DATA LISTING
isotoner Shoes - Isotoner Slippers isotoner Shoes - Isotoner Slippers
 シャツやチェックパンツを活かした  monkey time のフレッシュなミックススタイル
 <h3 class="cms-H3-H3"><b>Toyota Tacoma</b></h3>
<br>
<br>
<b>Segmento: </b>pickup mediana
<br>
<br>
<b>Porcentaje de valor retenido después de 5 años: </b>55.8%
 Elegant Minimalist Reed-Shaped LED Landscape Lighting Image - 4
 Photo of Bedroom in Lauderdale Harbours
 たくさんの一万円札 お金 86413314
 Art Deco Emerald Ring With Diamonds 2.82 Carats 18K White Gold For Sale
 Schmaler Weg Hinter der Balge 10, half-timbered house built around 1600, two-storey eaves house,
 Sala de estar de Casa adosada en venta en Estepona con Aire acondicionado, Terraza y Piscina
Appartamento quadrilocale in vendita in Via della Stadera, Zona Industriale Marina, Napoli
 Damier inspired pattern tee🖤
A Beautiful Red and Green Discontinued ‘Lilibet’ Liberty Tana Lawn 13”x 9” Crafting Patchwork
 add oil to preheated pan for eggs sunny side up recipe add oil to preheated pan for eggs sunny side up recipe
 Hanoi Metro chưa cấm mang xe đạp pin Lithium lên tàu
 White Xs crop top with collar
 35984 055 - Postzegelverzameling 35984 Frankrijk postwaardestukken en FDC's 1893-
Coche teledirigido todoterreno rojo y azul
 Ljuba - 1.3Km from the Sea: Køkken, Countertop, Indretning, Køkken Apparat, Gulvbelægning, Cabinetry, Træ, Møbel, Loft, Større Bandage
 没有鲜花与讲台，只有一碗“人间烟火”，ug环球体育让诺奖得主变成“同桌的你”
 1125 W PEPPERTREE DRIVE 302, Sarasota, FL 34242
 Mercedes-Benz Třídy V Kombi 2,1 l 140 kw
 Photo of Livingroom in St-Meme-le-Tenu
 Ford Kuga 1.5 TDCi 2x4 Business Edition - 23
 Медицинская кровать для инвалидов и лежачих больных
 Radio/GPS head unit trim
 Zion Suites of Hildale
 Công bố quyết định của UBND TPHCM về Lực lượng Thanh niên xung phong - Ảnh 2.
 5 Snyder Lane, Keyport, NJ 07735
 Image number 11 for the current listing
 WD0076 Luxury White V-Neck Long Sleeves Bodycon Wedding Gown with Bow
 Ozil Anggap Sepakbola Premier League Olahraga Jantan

EXERCISE DESCRIPTION
Find every line in the listing that has the string "Photo", then give the count by itself.

ANSWER BOX
2